Hello, I cant get my monitor to 1920x1080 resolution. I just installed a driver for it and when I select resolution and press apply it just goes black screen and when I press enter it goes back to 1600x1200

Monitor: LG Flatron w2243s


----------



## JimE (Apr 16, 2009)

*Re: Cant set up my resolution*

Shouldn't need a driver. The "generic PnP" Windows driver will work just fine. All a specific driver really does is change the name (ie: "LG Flatron w2243s" instead of "generic PnP").

In any event, uninstall the driver, reboot, and test.

You may also want to update/reinstall the video drivers. These type of issues are most often video driver related and not the monitor "driver".


----------



## DBCooper (Jun 11, 2010)

*Re: Cant set up my resolution*

Hi there,

Besides the monitor, what is the brand/model of your computer video card?


----------



## slayerdeath555 (Jun 15, 2009)

*Re: Cant set up my resolution*

I tried to reinstall the ati driver and the same..

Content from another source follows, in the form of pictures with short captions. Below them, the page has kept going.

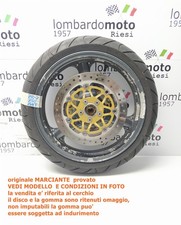 Original Front Wheel Rim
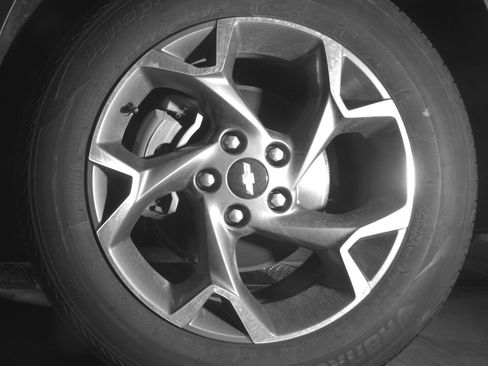Used 2025 Chevrolet Trax LT w/ LT Convenience Package FWD image 12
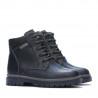 Bottes enfants 3007 tuxon indigo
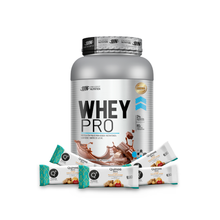 Cargar imagen en el visor de la galería, PROTEÍNA WHEY PRO UNIVERSE NUTRITION 1.1KG UN + REGALOS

My gpu is HD 4300/4500 series


----------



## MPR (Aug 28, 2010)

*Re: Cant set up my resolution*

Is your computer an OEM notebook? Maybe it's driver won't handle resolutions beyond the native resolution of its internal screen.


----------



## slayerdeath555 (Jun 15, 2009)

*Re: Cant set up my resolution*

No its desktop PC also it worked before...I jsut formatted my PC.


----------



## DBCooper (Jun 11, 2010)

*Re: Cant set up my resolution*

Hi there,

is your PC connected to the monitor via VGA, DVI, or HDMI?


----------



## slayerdeath555 (Jun 15, 2009)

*Re: Cant set up my resolution*

It is VGA.


----------



## MPR (Aug 28, 2010)

*Re: Cant set up my resolution*

What resolution do you get with the standard Windows driver? Did you install the latest AMD driver from either the AMD site or Windows Update? What operating system are you using? Make sure that you get the appropriate driver for your OS. Also, check to see if LG has a monitor driver for your OS.


----------



## slayerdeath555 (Jun 15, 2009)

*Re: Cant set up my resolution*

I dont remember starting resolution. I installed latest AMD drivers and all windows updates. Windows 7 32 bit. Also I added LG driver already.


----------



## Rich-M (May 2, 2007)

*Re: Cant set up my resolution*

When you reformatted did you install the motherboard drivers including the "chipset driver"?


----------



## slayerdeath555 (Jun 15, 2009)

*Re: Cant set up my resolution*

Well I have never even did that before, I just install amd drivers and thats it.

My mobo is MS 7529


----------



## Rich-M (May 2, 2007)

*Re: Cant set up my resolution*

Depending on how old the cd is you might want to go to mfgr site and download and install the newest drivers and always start with the chipset driver.


----------



## slayerdeath555 (Jun 15, 2009)

*Re: Cant set up my resolution*

Ok I understand. Can you help me wich one is the right one for me?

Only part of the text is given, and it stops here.